The Health Care bill is dwindling by the day, while a blueprint for NAFTA’s renegotiation was released this week and Citigroup officially declared Frankfurt its new base for the European Union – how will these events affect the market? Get all the answers in this edition of Steady Investor’s Week…
The Health Care Bill Appears Dead, But CEOs Don’t Seem to Mind – The prospects for passing a health care bill appear to be dwindling by the day, and Republicans have effectively given up on trying to replace the Affordable Care Act – at least for now. New efforts appear to center around a delayed repeal, but a couple of key GOP senators have already pulled support for that idea as well. This matters in the investment world because a portion of the post-election rally arguably relied on the expectation that a pro-growth economic agenda was top of mind for this administration. If health care couldn’t move, it begs the question of how at-risk other policies involving tax cuts, infrastructure spending, and deregulation may be. Time will tell. In the meantime, the business world appears unfazed by the legislative gridlock – confidence among CEOs of major corporations and small businesses has surged in recent months.

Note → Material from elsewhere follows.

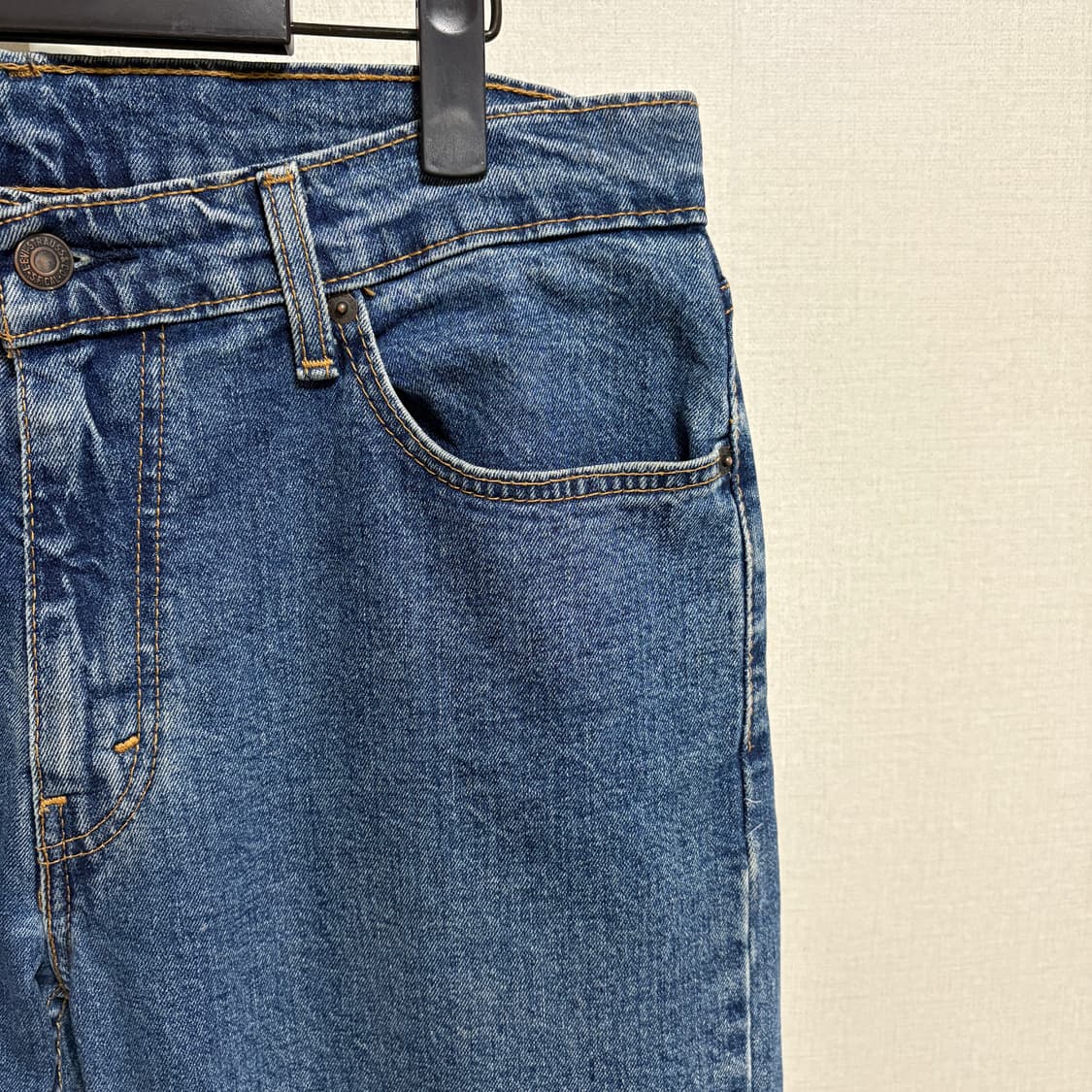 리바이스 505 레귤러 스트레이트 데님팬츠 / W33, L32 상품이미지5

Chinese Data Points to Strength – a big story in recent weeks has been “global synchronized earnings growth,” whereby for the first time since 2010 earnings growth is set to rise simultaneously across Europe, the U.S., the UK, Japan, and Emerging Markets. But, what about China? Data shows solid strength there, too. Estimates have GDP for Q2 pegged at 6.9%, which matches the growth rate seen in Q1. Other metrics like consumer spending, factory output and investment were also strong, and retail sales recorded its fastest expansion since December 2015.
NAFTA, Renegotiated? – the administration continues to press forward with plans to renegotiate NAFTA, as of this week a blueprint for doing so was released by the Office of the United States Trade Representative. The blueprint calls for an agreement that “reduces the trade deficit” with Canada and Mexico, while aiming to preserve “Buy America” provisions. Accomplishing those dual mandates would likely involve tariffs or quotas controlling the flow of goods, neither of which would maintain the spirit of a free trade agreement.
Goodbye London, Hello Frankfurt – in the latest Brexit-related blow to the UK, the banking behemoth Citigroup has announced its choice of Frankfurt, Germany as its European Union base instead of London. This announcement follows others that have similarly been blows to the UK’s decision to leave. Goldman Sachs, Morgan Stanley, and Japanese bank Nomura have also stated intentions to set up or expand operations in Frankfurt.
Netflix Earnings – the online streaming company, which could arguably be categorized as a consumer discretionary company versus a tech company, saw a big pop this week following the company’s report that it far-surpassed new subscriber targets and plans to spend $6 billion per year on content. The company added 5.2 million new customers in Q2, with many of those subscribers coming from outside the U.S.